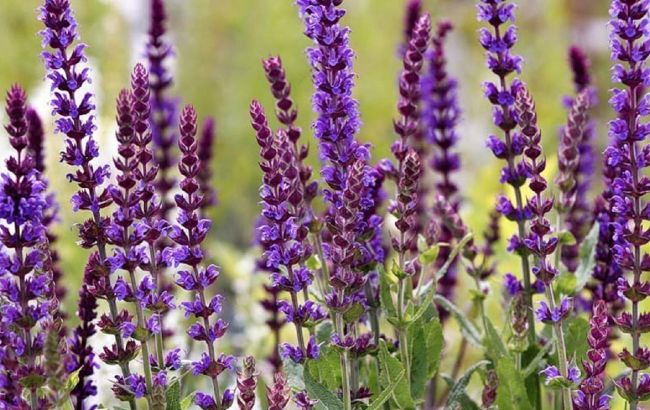 Это популярное в Украине растение помогает контролировать уровень сахара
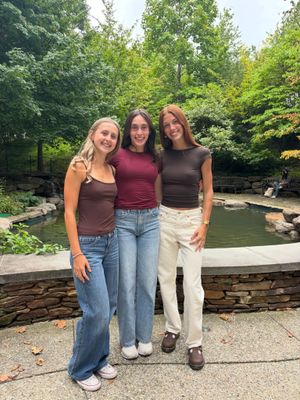 Image post by @arcadia_fh on Instagram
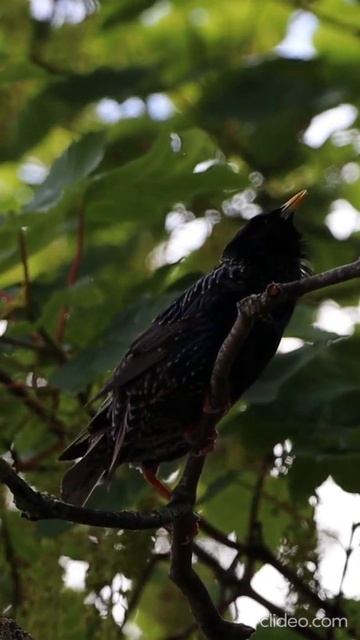 Starlings Mating | UK Wildlife Photography смотреть онлайн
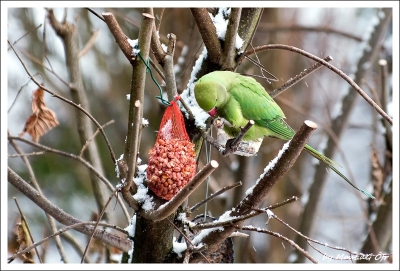 2010-02-17 / Moulag Ofr
Par : Moulag Ofr - [Faune Sauvage]
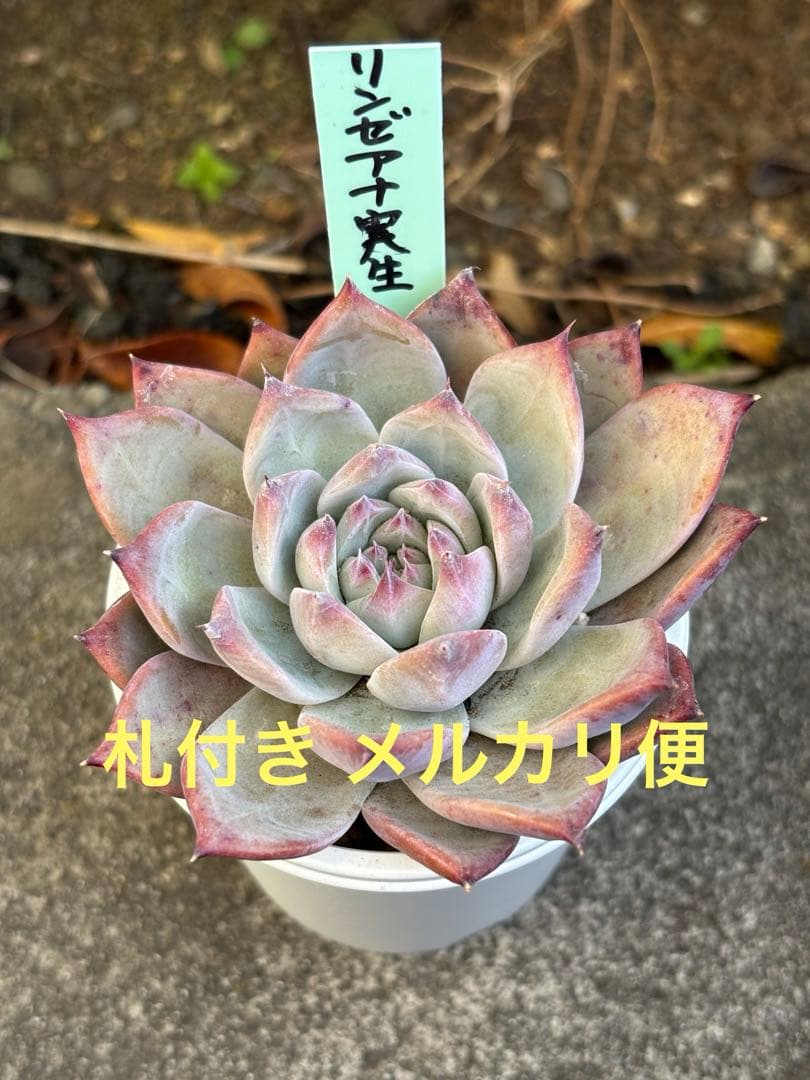 超希少 おらいさん苗 リンゼアナ実生 札付き 多肉植物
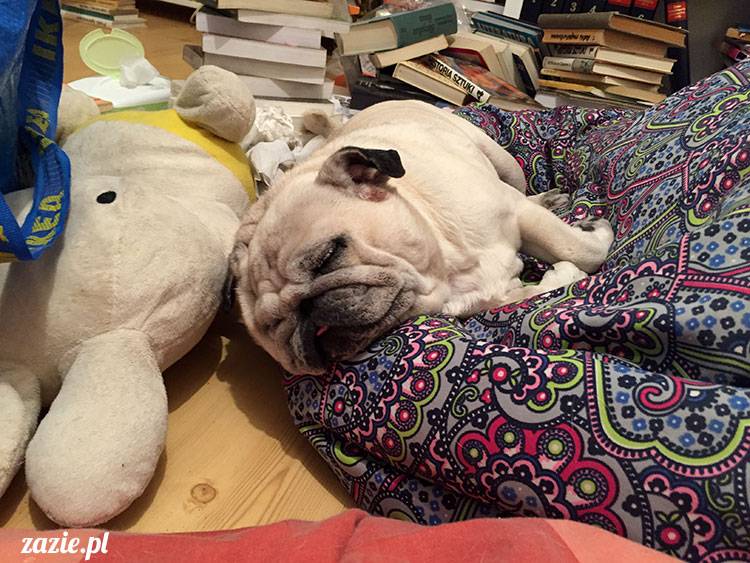 luty marzec Pruszków mieszkanie Zazie Kumok Miszur mopsy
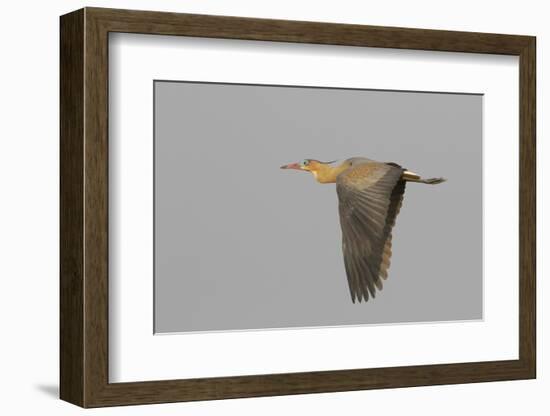 Whistling heron flying-Ken Archer-Framed Photographic Print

» Goal of the exercise: Word for word, restate each line above, minus its pictures.

» Answer area:
 Это популярное в Украине растение помогает контролировать уровень сахара
 Image post by @arcadia_fh on Instagram
 Starlings Mating | UK Wildlife Photography смотреть онлайн
 2010-02-17 / Moulag Ofr
Par : Moulag Ofr - [Faune Sauvage]
 超希少 おらいさん苗 リンゼアナ実生 札付き 多肉植物
 luty marzec Pruszków mieszkanie Zazie Kumok Miszur mopsy
 Whistling heron flying-Ken Archer-Framed Photographic Print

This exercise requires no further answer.